REQUIRED WORK: Look for the line containing "BMW X7 30d 3.0" and the line containing "Vente Appartement Chartrons-Bassins" in the entries below. Copy those two and all lines between them exactly, leaving out pictures.

DATASET RECORDS:
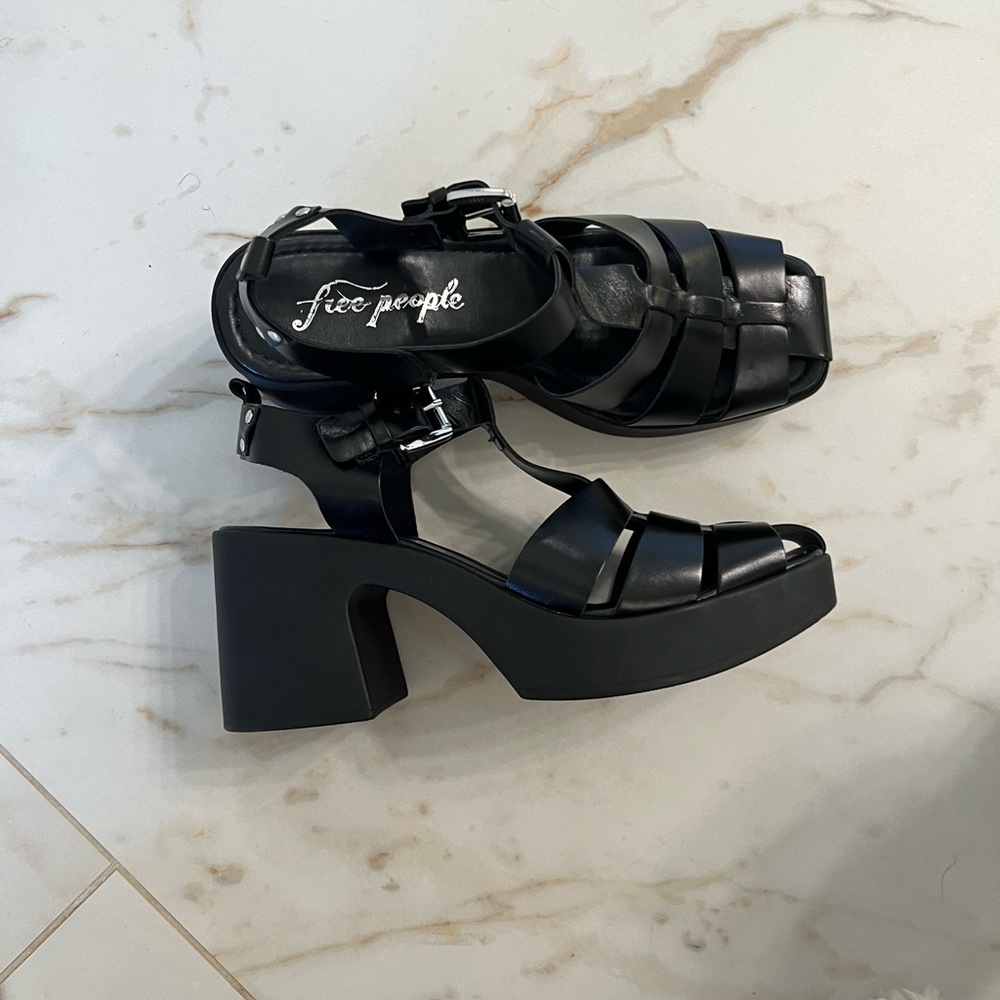 Free people Pacific platform fisherman Heel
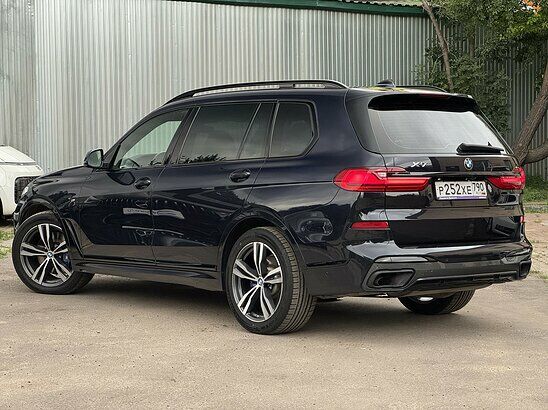BMW X7 30d 3.0 xDrive Steptronic (249 л.с.) M Sport Plus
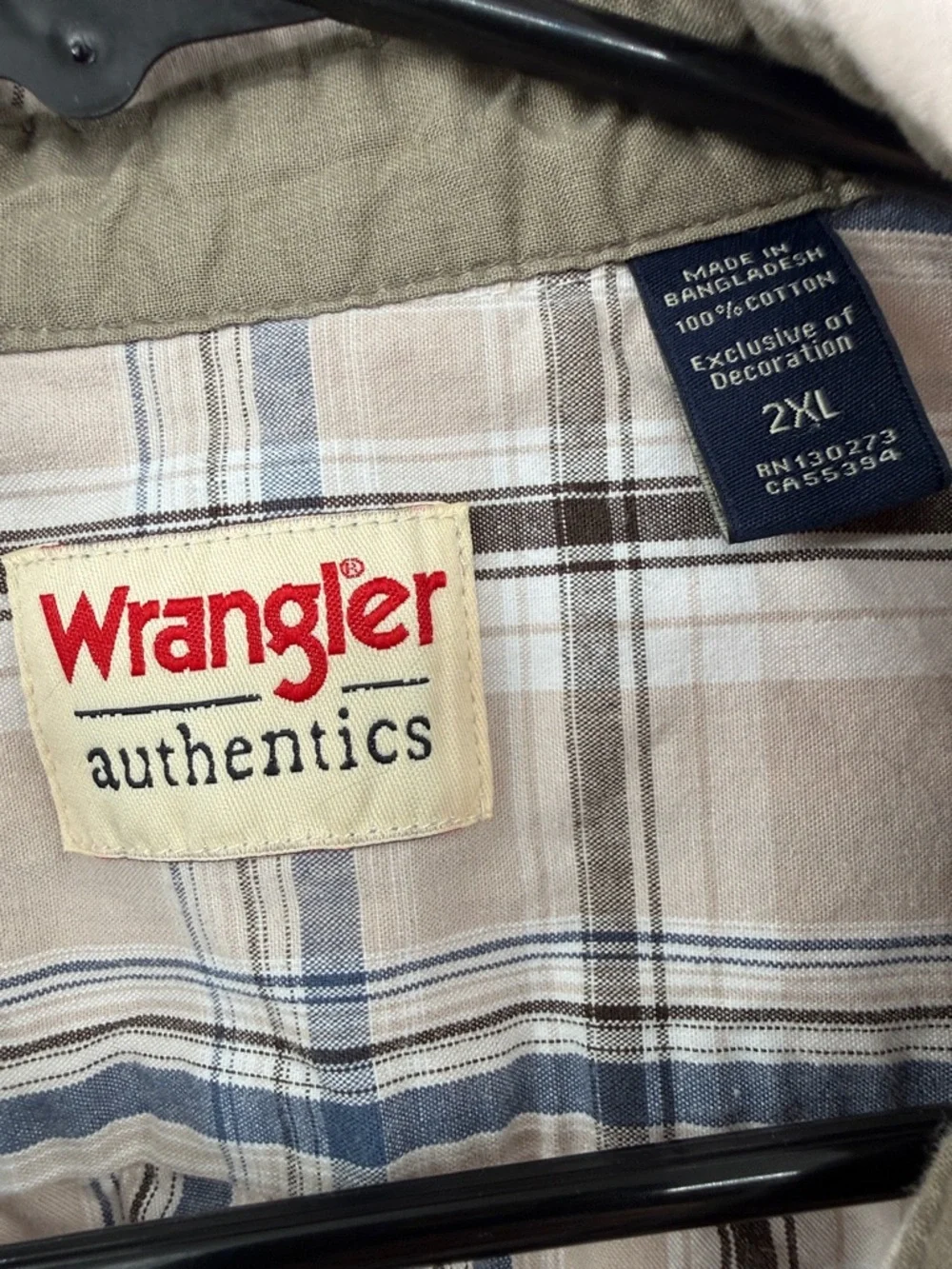 Wrangler Authentics Beige and Blue Plaid Short-Sleeve Button-Down Shirt Size 2XL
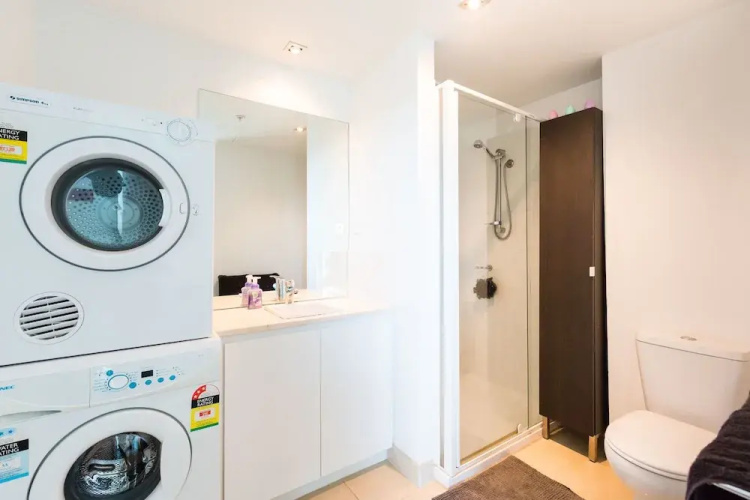 RIVER, 1BDR Melbourne Apartment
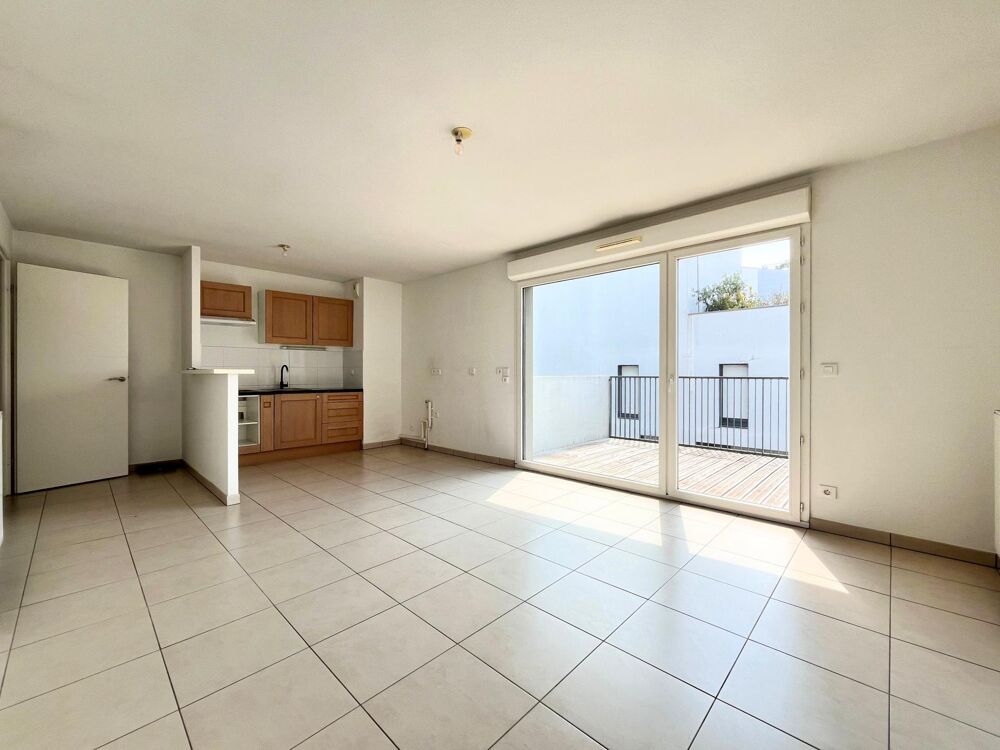 Vente Appartement Chartrons-Bassins à flot : T3 avec terrasse, parking et piscine Bordeaux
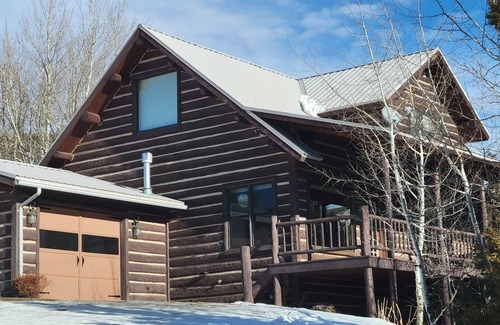 Virginia City Cabin | Virginia City Mountain Splendor!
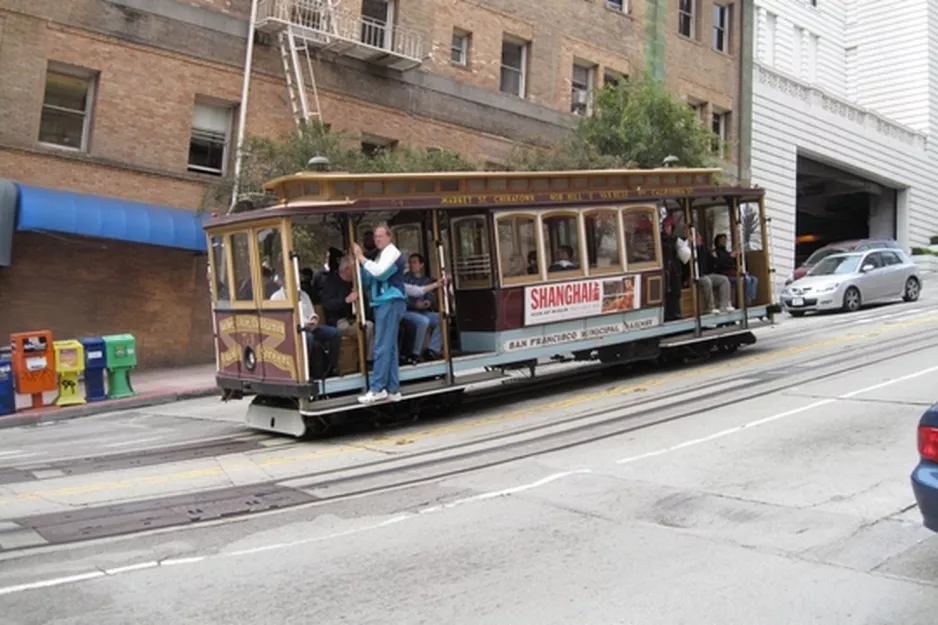 San Francisco cable car California with cable car 54 near California & Battery (2010)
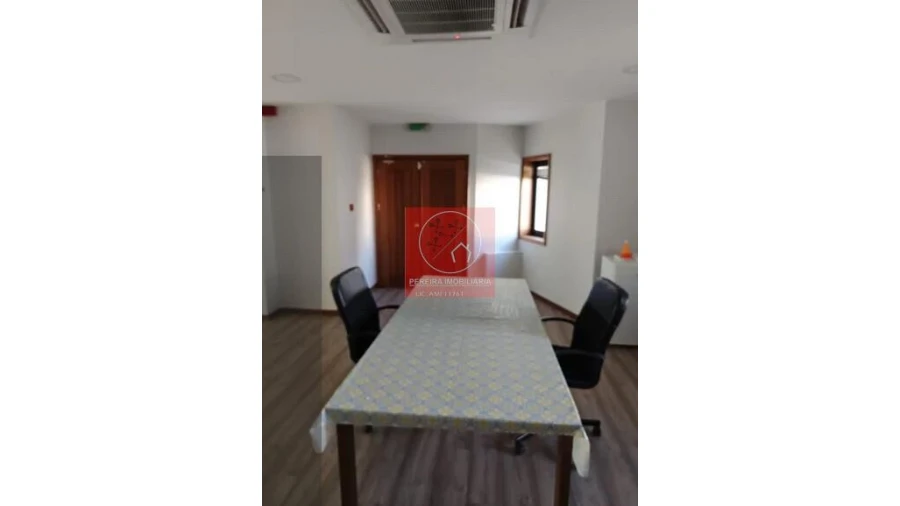 Escritório para Arrendamento em Santo Tirso, Couto (Santa Cristina e São Miguel) e Burgães Foto 9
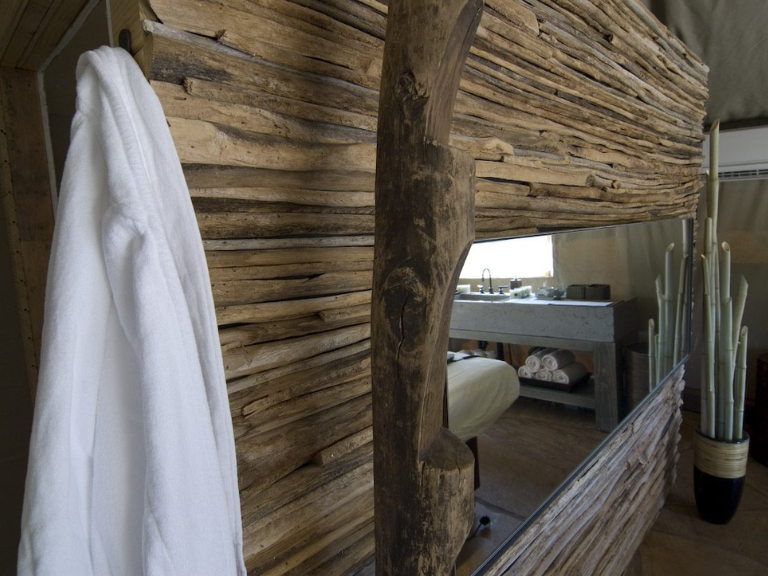 Inside-of-Miravals-New-Life-Village-treatment-room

WRITTEN SOLUTION:
BMW X7 30d 3.0 xDrive Steptronic (249 л.с.) M Sport Plus
 Wrangler Authentics Beige and Blue Plaid Short-Sleeve Button-Down Shirt Size 2XL
 RIVER, 1BDR Melbourne Apartment
 Vente Appartement Chartrons-Bassins à flot : T3 avec terrasse, parking et piscine Bordeaux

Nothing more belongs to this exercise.